Task goal
Copy out every line of the material below, character for character, apart from the pictures.

........

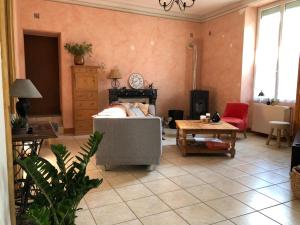 uma sala de estar com um sofá e uma mesa em Maison de famille em Saint-Mars-dʼOutillé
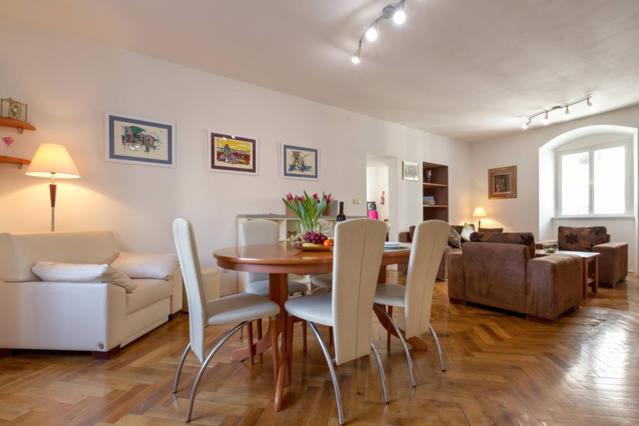 a dining room and living room with a table and chairs at Apartment See Everlasting Split in Split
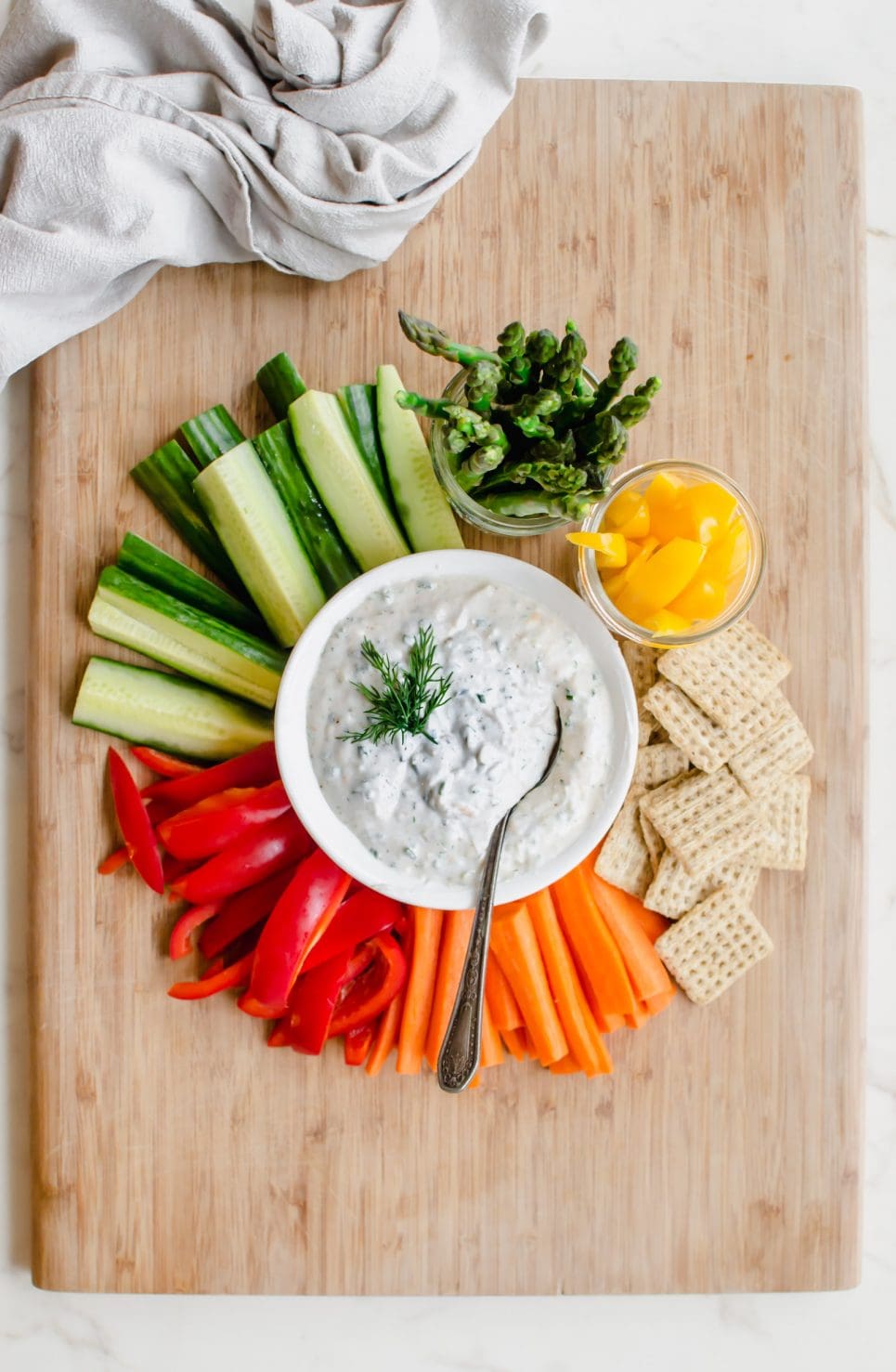 A cutting board with colorful veggies surrounding a white bowl with creamy Parmesan herb dip.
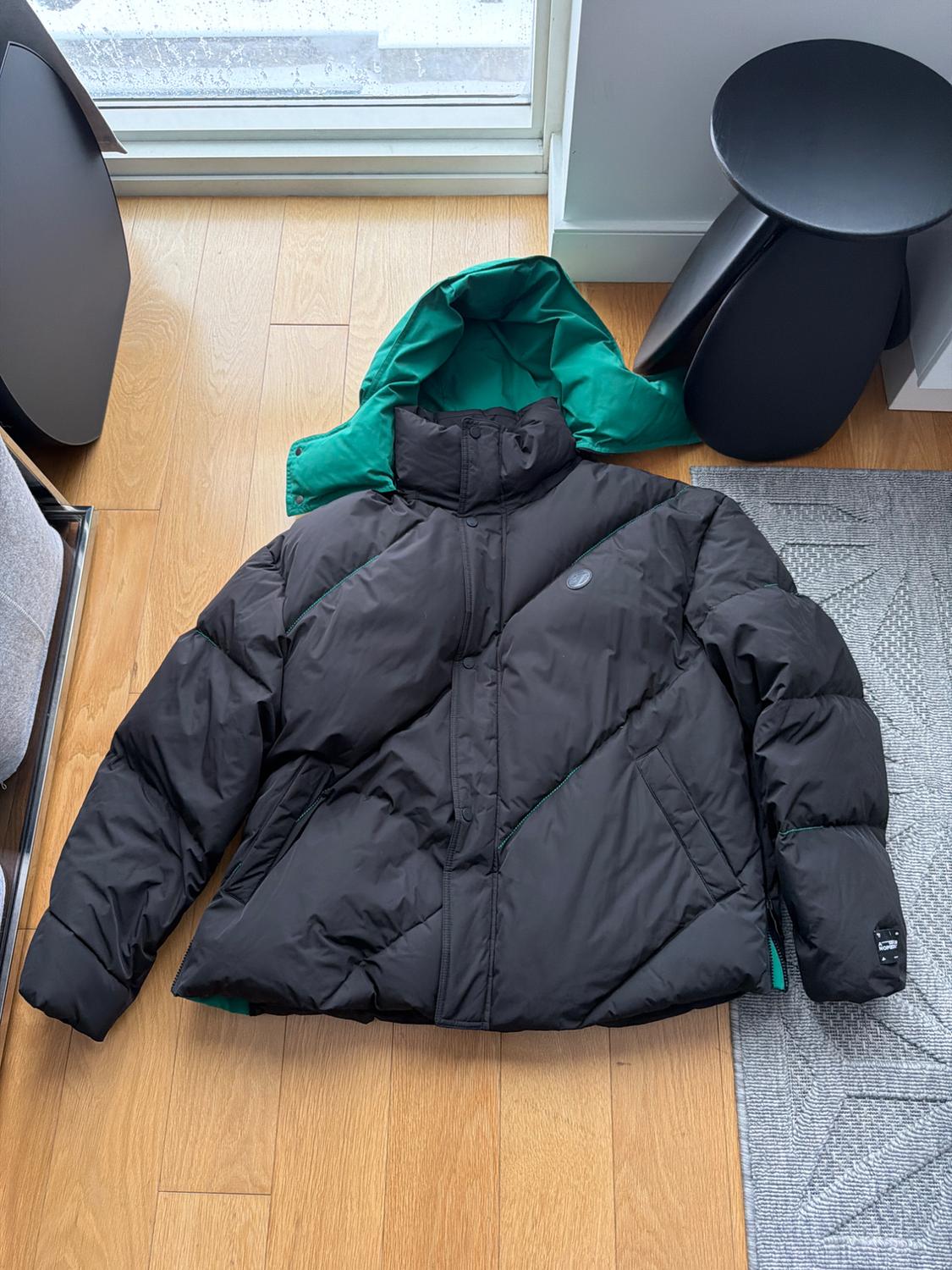 Black padded jacket with a green hood, placed on a wooden floor next to a window and a black table.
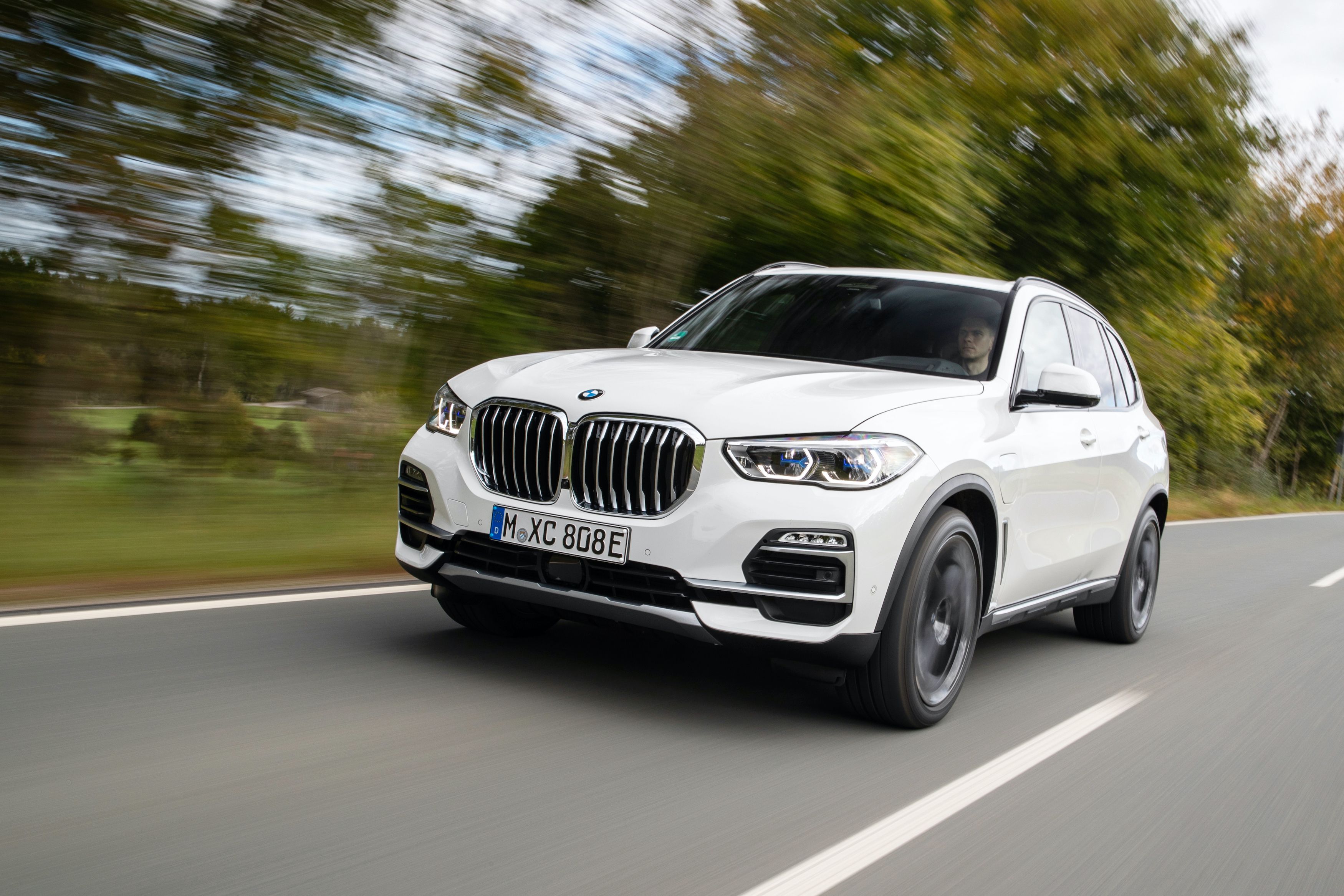 2023 white bmw x5 suv driving along tree lined road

........

Result of the task
 uma sala de estar com um sofá e uma mesa em Maison de famille em Saint-Mars-dʼOutillé
 a dining room and living room with a table and chairs at Apartment See Everlasting Split in Split
 A cutting board with colorful veggies surrounding a white bowl with creamy Parmesan herb dip.
 Black padded jacket with a green hood, placed on a wooden floor next to a window and a black table.
 2023 white bmw x5 suv driving along tree lined road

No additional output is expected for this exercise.